◆ Items from a dataset ◆
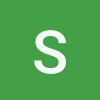@sluss:matrix.org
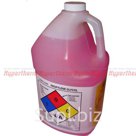 028873 Охлаждающая жидкость, 100% PG, 1 gal. Hypertherm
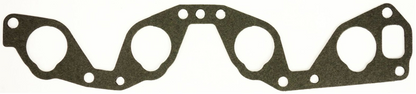 INTAKE MANIFOLD GASKET TO SUIT TOYOTA HIACE RCH12R RCH22R RZH125R 2RZ-E 2.4L I4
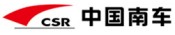 中国南车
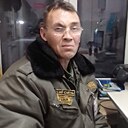 Знакомства: Владимир, 51 год, Омск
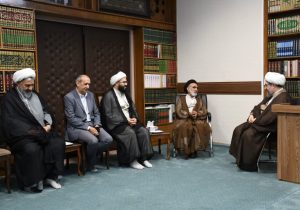 آذربایجان شرقی از استانهای زرخیز در حوزه کشاورزی است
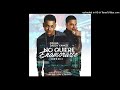 Ozuna Feat. Daddy Yankee - No Quiere Enamorarse (Full Remix)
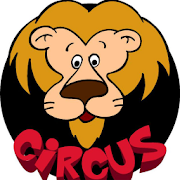 Circus Jigsaw Puzzles Версия: 2.11.02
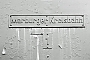 Henschel 6676 - Denkmal
05.04.1985 - Ebsdorfergrund-Dreihausen
Christoph Beyer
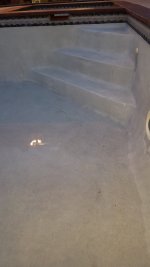 20170425_200356.jpg 20170425_200356.jpg
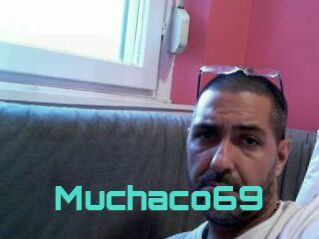 Muchaco69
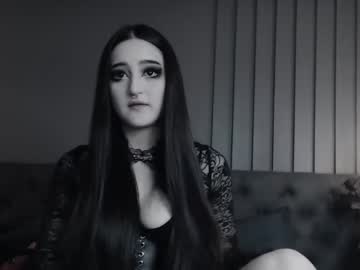 cam girl porn charlotte_germanotta_ image #5122678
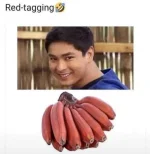 Di-po-ito-ta-akin-nakita-ko-lang-ta-petbuk.webp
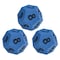 Learning Advantage Jumbo 12-Sided Foam Die Set 7398 - alternate 1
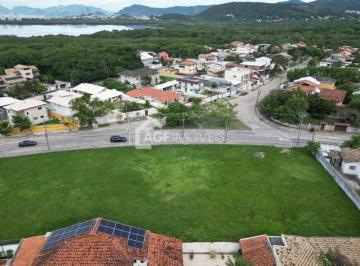 aa58b6b67f18fcd19a77039535d7a6a9 · Terreno à venda, 3000 m² - Itaipu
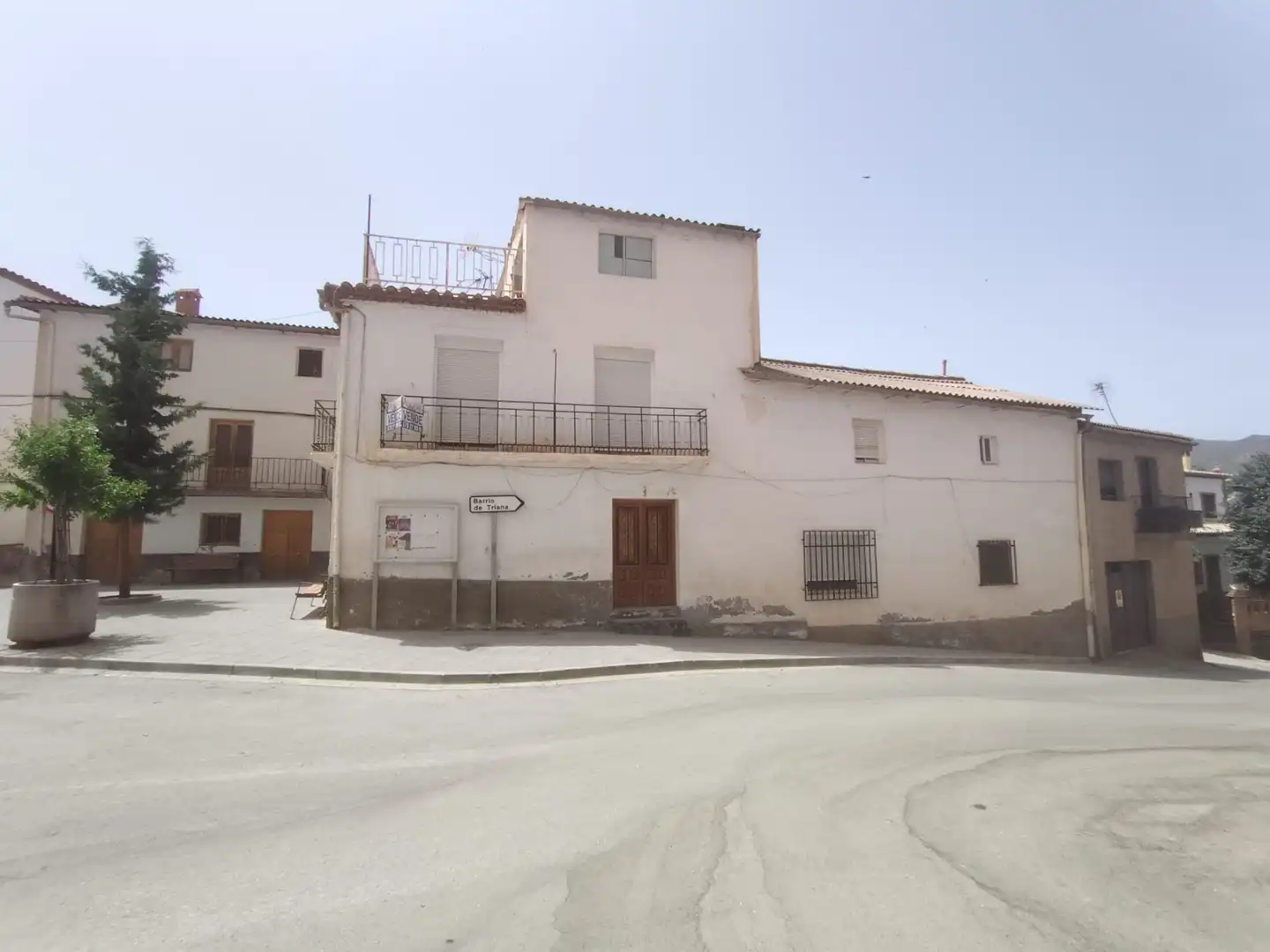 Maison jumelée à vendre à Plaza Federico Garcia Lorca 4, imagen 32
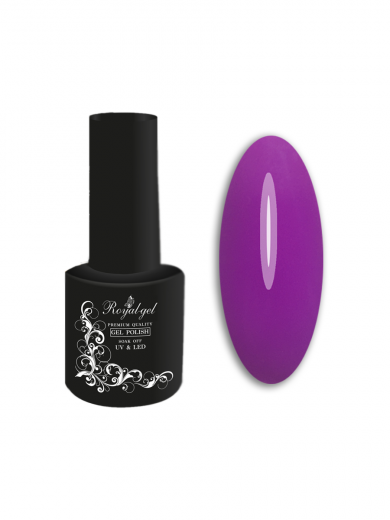 RBRN 36 база камуфлирующая "NEON"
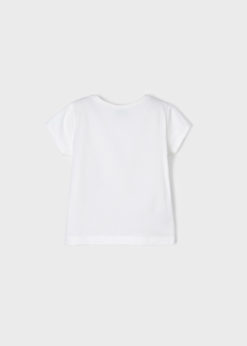 22 03039 074 XL 5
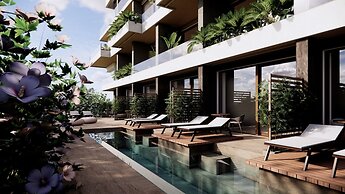 Icona's Costa Ragusa Resort - New Opening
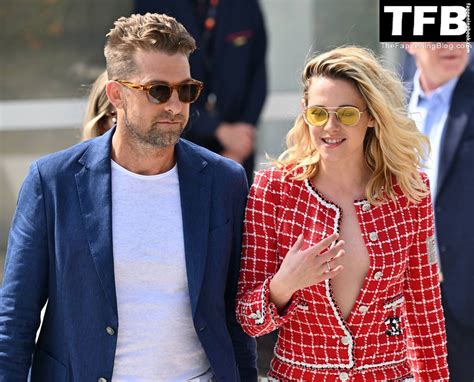 Kristen Stewart Nude The Fappening Photo 1854840 FappeningBook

◆ Work to be completed ◆
Could you write out exactly the lines of the data above that run from the one holding "Circus Jigsaw Puzzles Версия: 2.11.02" to the one holding "Di-po-ito-ta-akin-nakita-ko-lang-ta-petbuk.webp", with both ends in and all pictures out?

◆ Completed task ◆
 Circus Jigsaw Puzzles Версия: 2.11.02
 Henschel 6676 - Denkmal
05.04.1985 - Ebsdorfergrund-Dreihausen
Christoph Beyer
 20170425_200356.jpg 20170425_200356.jpg
 Muchaco69
 cam girl porn charlotte_germanotta_ image #5122678
 Di-po-ito-ta-akin-nakita-ko-lang-ta-petbuk.webp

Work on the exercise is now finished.